Nuestros ojos tienen que estar llenos de luz para mirar a los demás. Y los tenemos llenos de luz cuando tenemos amor y misericordia en el corazón. Si miramos con ojos de luz seremos capaces de ver también el resplandor de luz que hay siempre en los otros. Siempre podemos encontrar algo bueno en el otro. ¿No nos gusta a nosotros que valoren lo bueno que hay en nuestra vida o lo bueno que hacemos, por muy pecadores que nos sintamos? Así tenemos que aprender nosotros a mirar a los demás.
Si sólo miramos con ojos enturbiados por las tinieblas de nuestra malicia sólo veremos sombras y tinieblas. Tenemos que aprender a tener esa nueva mirada. Quitar tinieblas de nuestros ojos y de nuestro corazón. Nos lo enseña Jesús hoy. Qué distinta era la actitud de aquel fariseo que sólo veía tinieblas y pecado en aquella mujer y la mirada de Jesús que, aunque hubiera pecado en ella, sin embargo él veía sobre todo amor.
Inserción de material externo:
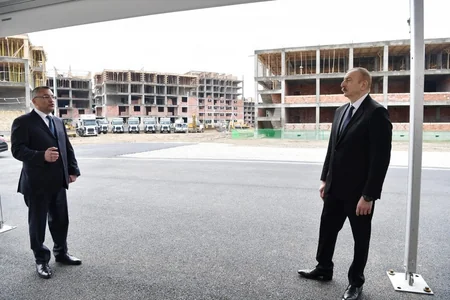 Prezident məcburi köçkünlər üçün binalarda tikinti işlərinin gedişi ilə tanış olub - YENİLƏNİB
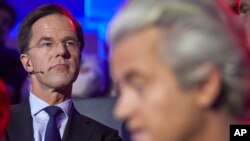 PM Belanda Mark Rutte (kiri) dan pemimpin partai PVV Geert Wilders (kanan) menunggu giliran mereka dalam debat terakhir di hadapan parlemen, di Den Haag, Belanda, 14 Maret 2017.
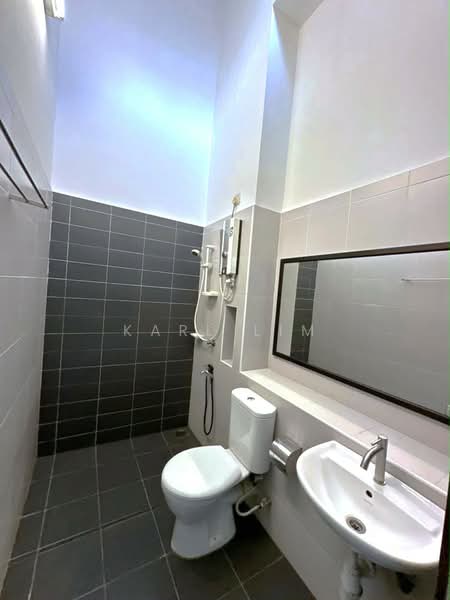 2-storey Terraced House for Sale in Setia Tropika (Johor Bahru) - Karl Lim - Bathroom - PropertyGuru.com.my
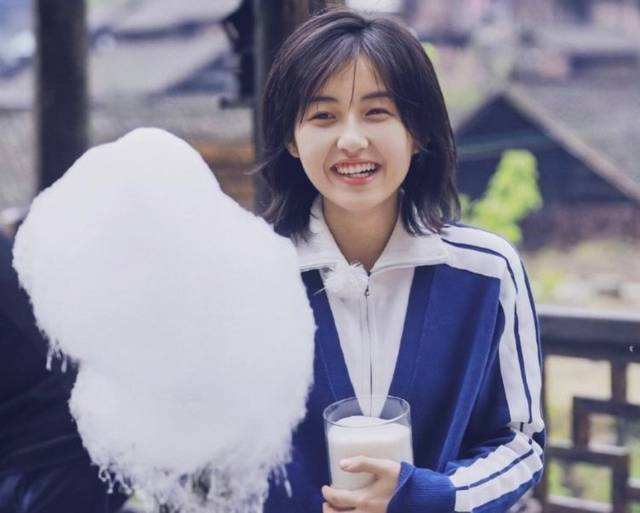 张子枫吃牛奶的视频,为什么张子枫身上有奶香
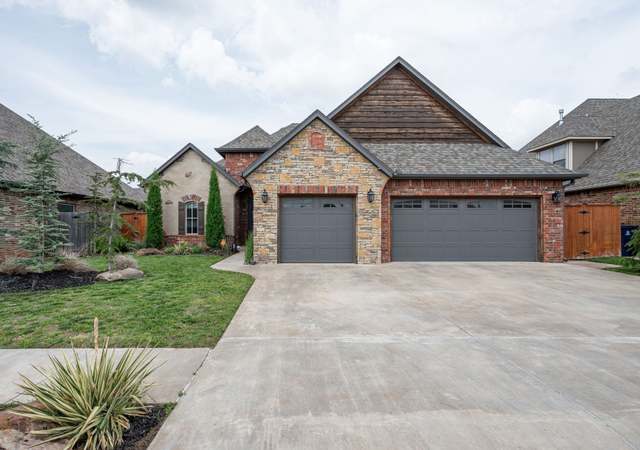 Property at 11029 NW 22nd St, Yukon, OK 73099, 3 beds, 2.5 baths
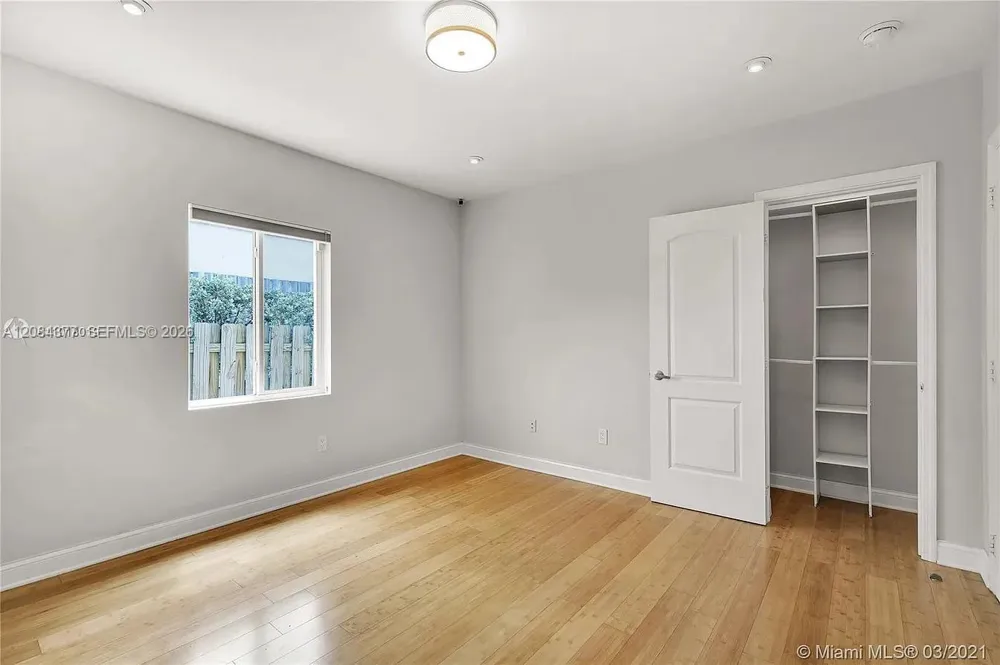 375 SW 20th Rd #1 Miami, FL 33129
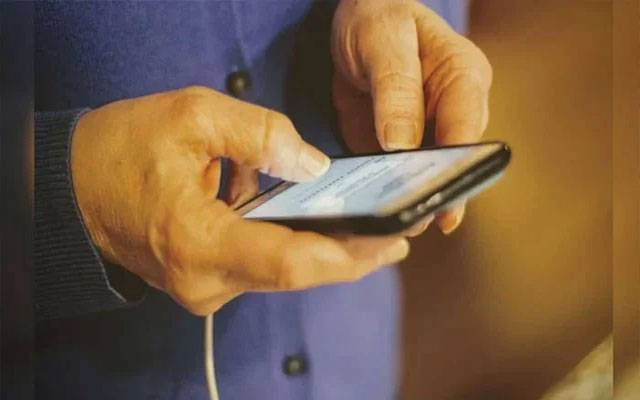  باس سے چھٹی کی درخواست کرنے والا ملازم 10 منٹ بعد انتقال کر گیا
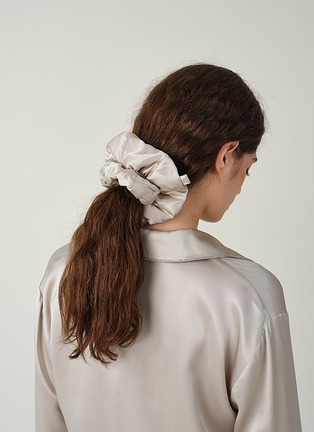 Detail View - Click To Enlarge - SILKY MIRACLE - Miracle Silk Scrunchie — Galaxy Grey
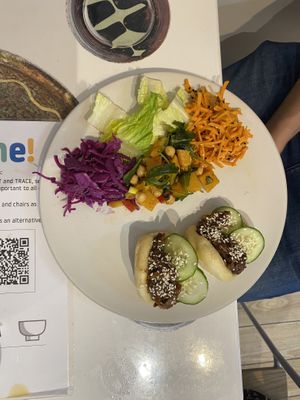 Bao buns  at Bailgate Deli in Lincoln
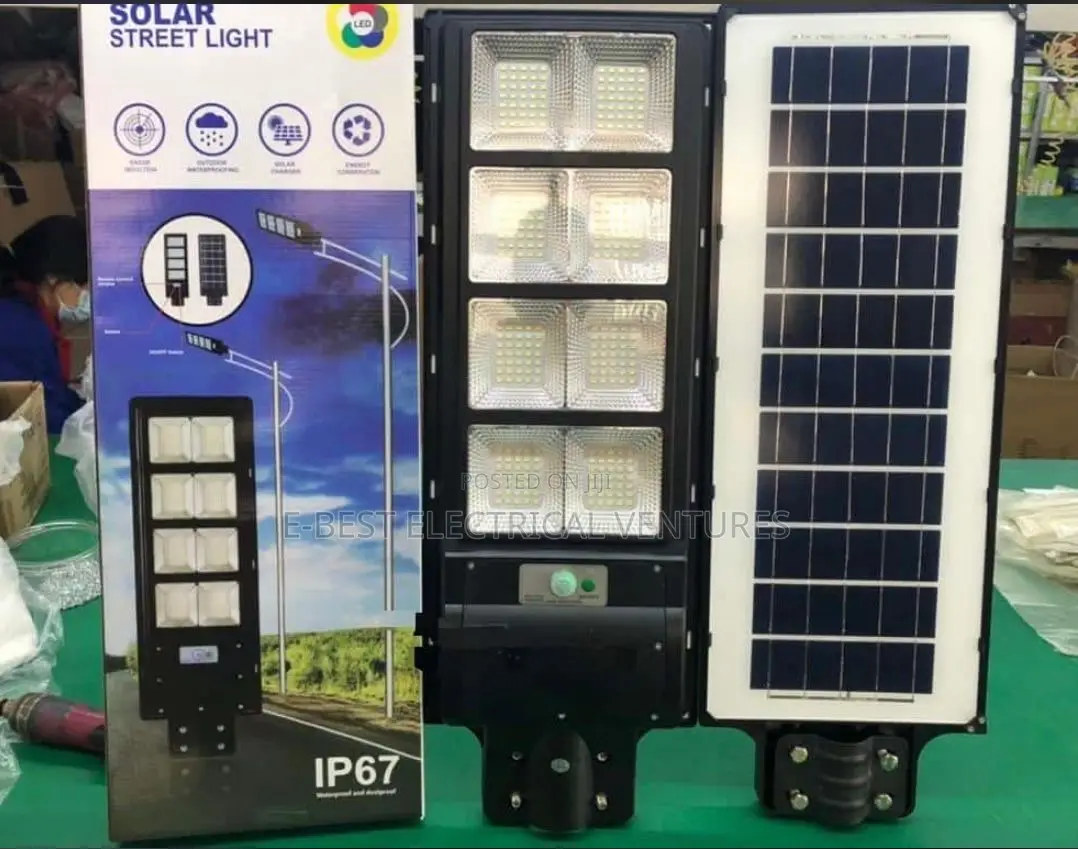 800 Watts Solar Light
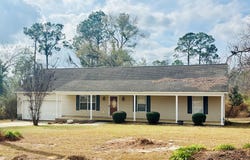 1610 Sikes, Douglas, GA 31533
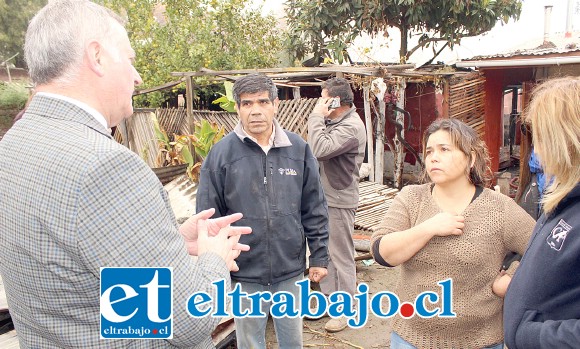 El Alcalde Luis Pradenas se reunió con los dueños de casa afectados para entregarle todo el apoyo del municipio en este difícil momento.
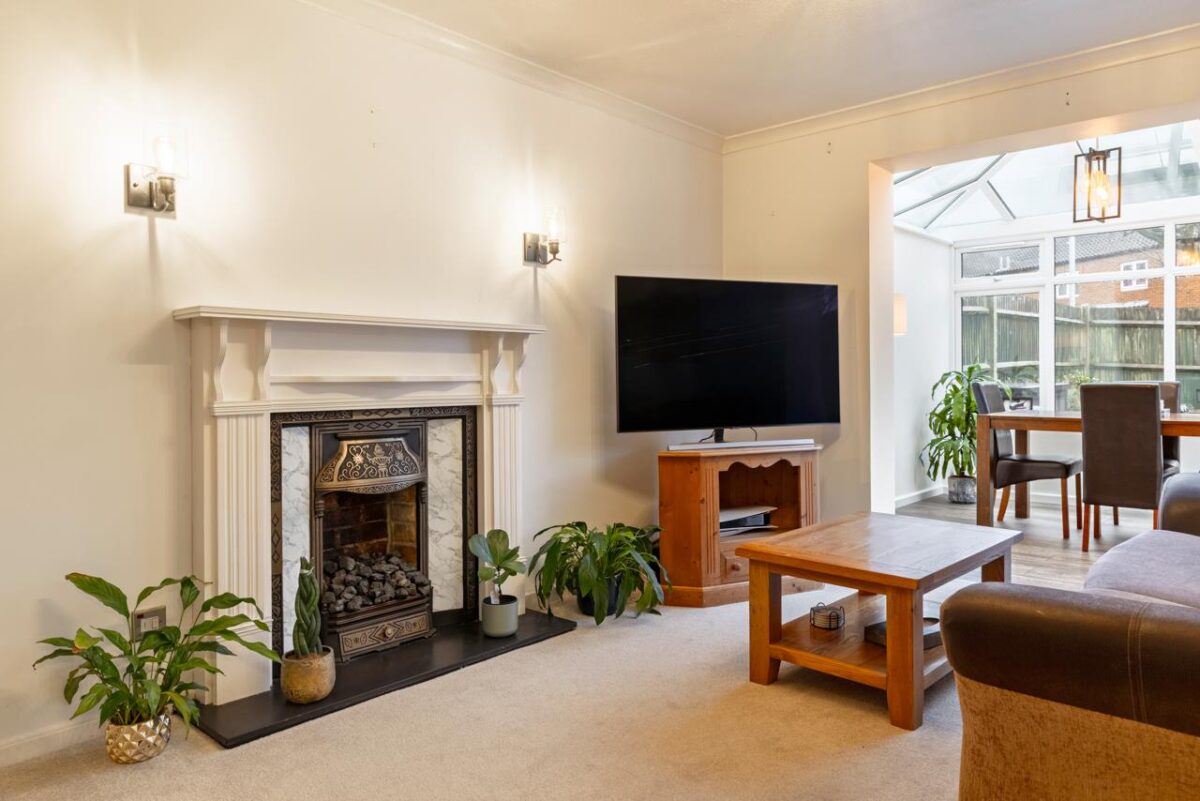 Links Avenue, Hertford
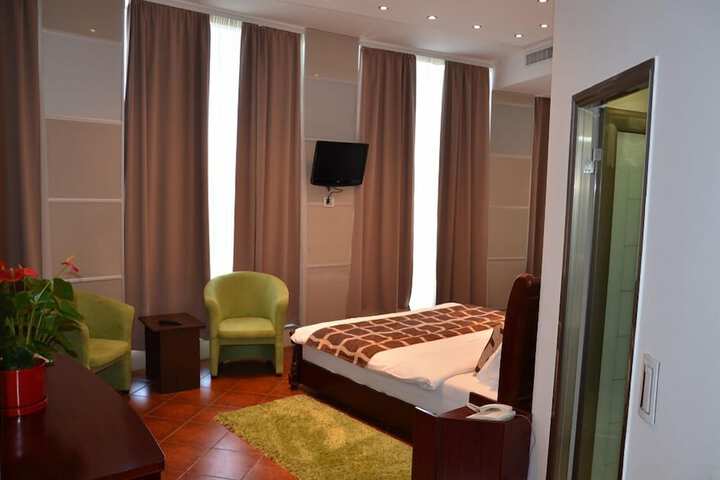 Room 20 of 55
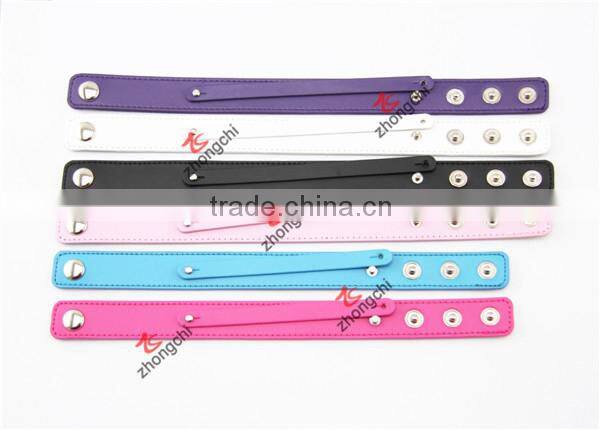 Fashion Alloy Lockets/Glass Beads Snake Bracelet Gifts (PDE60229)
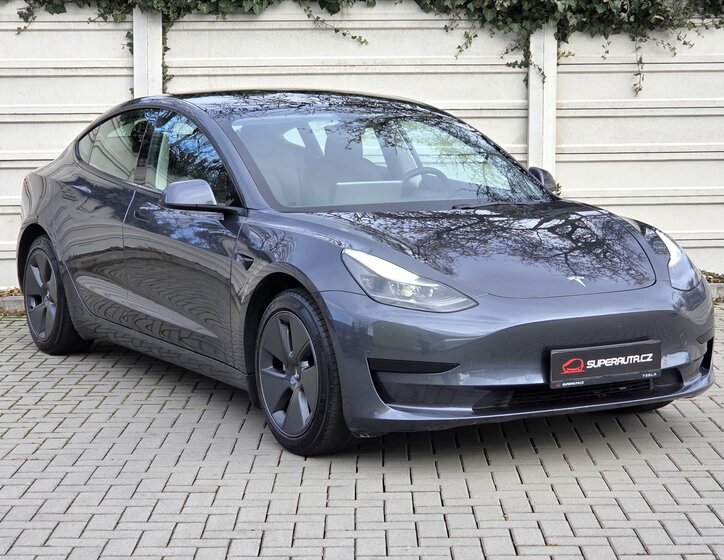 Tesla Model 3 Sedan / Limuzína 0,0 208 kw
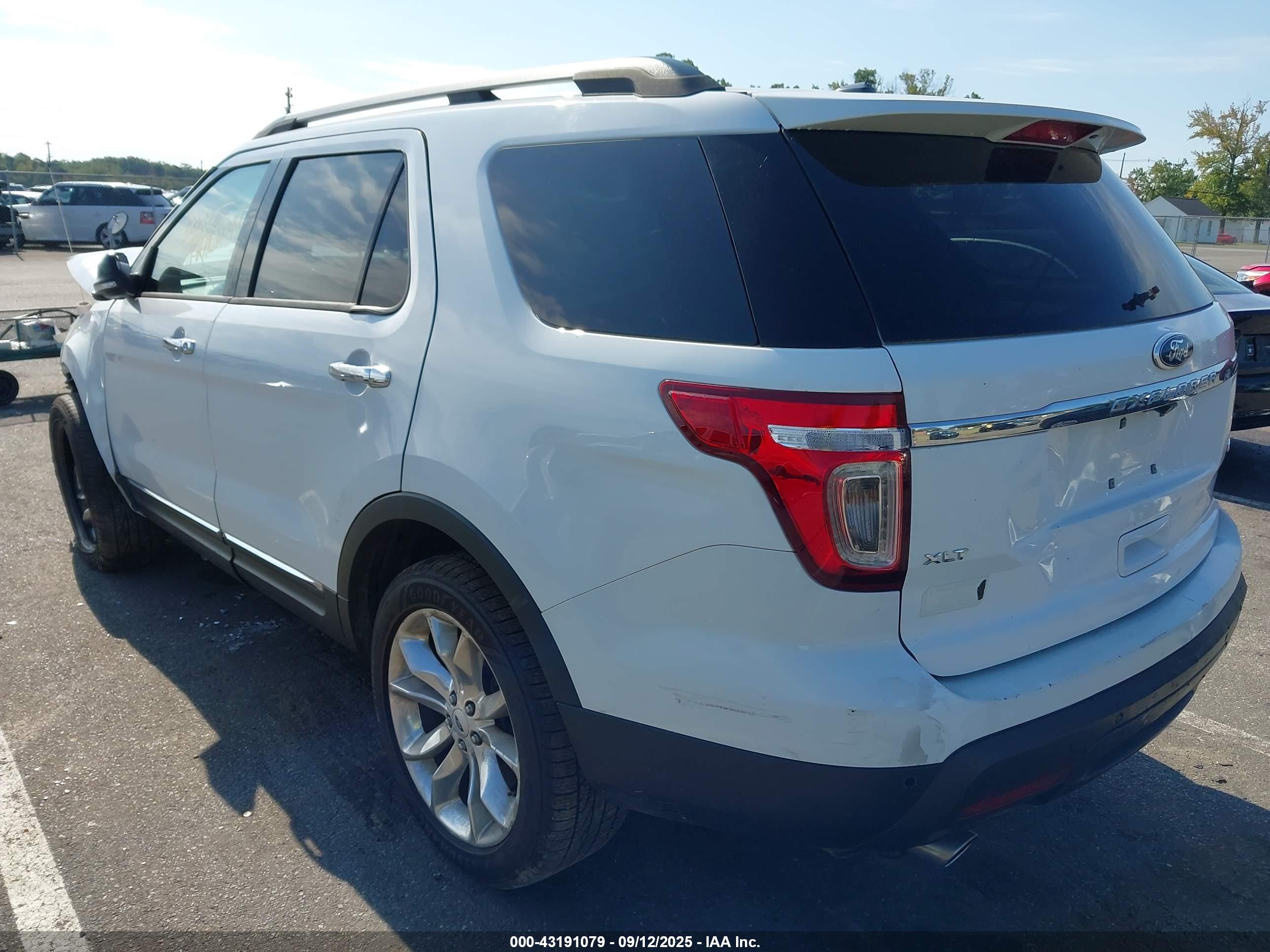 FORD EXPLORER image 3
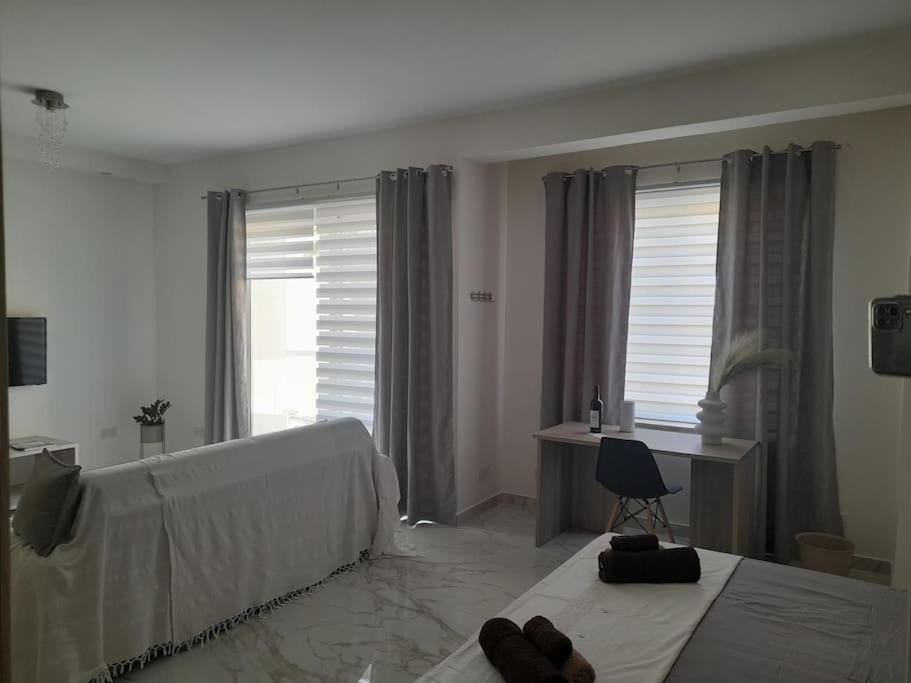 Coral Reef Apartments خليج سانت بول المظهر الخارجي الصورة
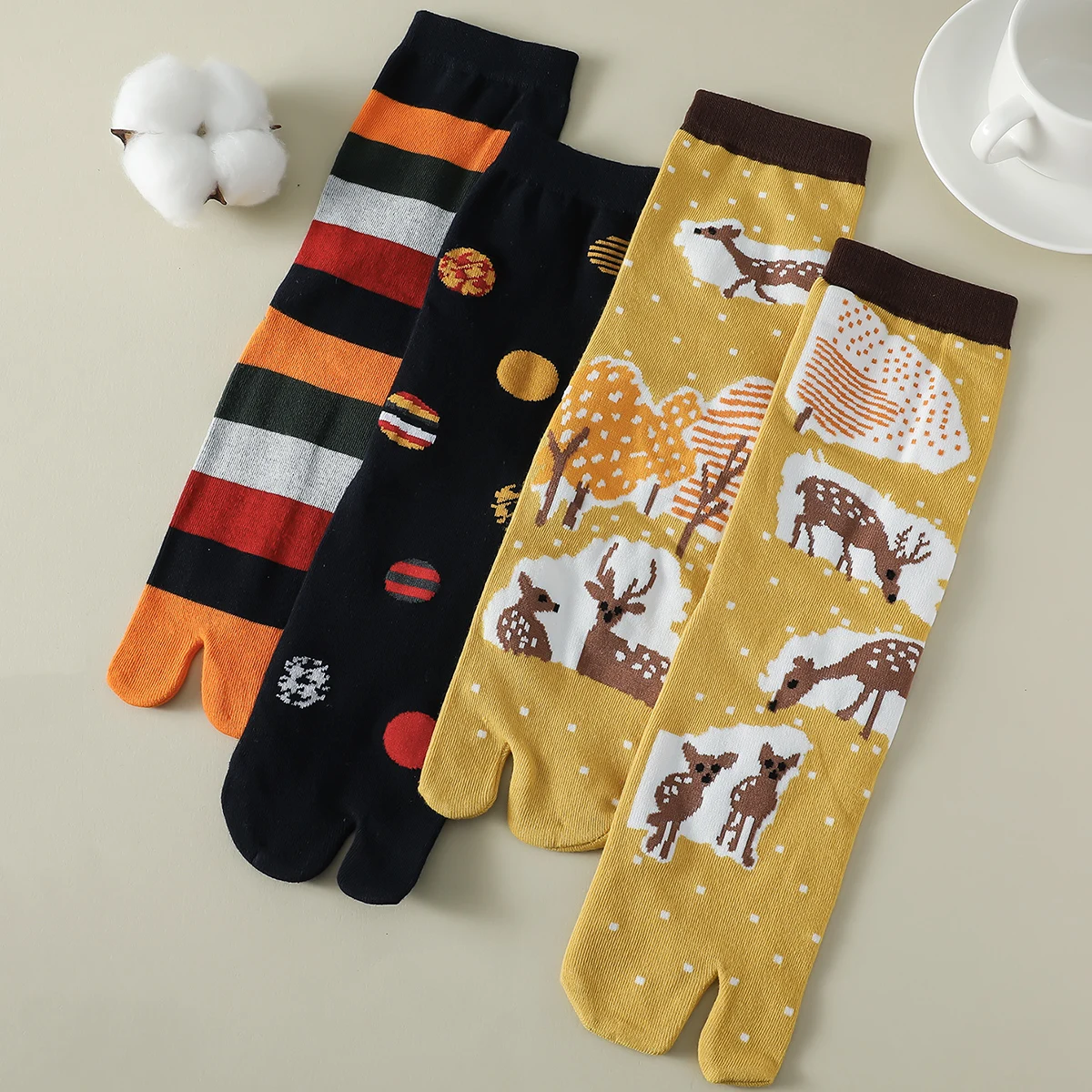 

1 Pair Women Colorful Split Toe Christmas Socks Sweets Stripes Elk Jacquard Crew Tabi Socks Japanese Harajuku Style Two Toe Sock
Esa mirada luminosa de Jesús llenó también de luz el corazón de aquella mujer pecadora porque salió de allí perdonada y en paz.
También nosotros necesitamos que Jesús llegue a la casa de nuestra vida. Más aún es El quien nos ha invitado a que vayamos a sentarnos a su mesa. Para eso estamos aquí en la Eucaristía. Que el Señor nos llene de su luz; que el Señor nos llene de su paz.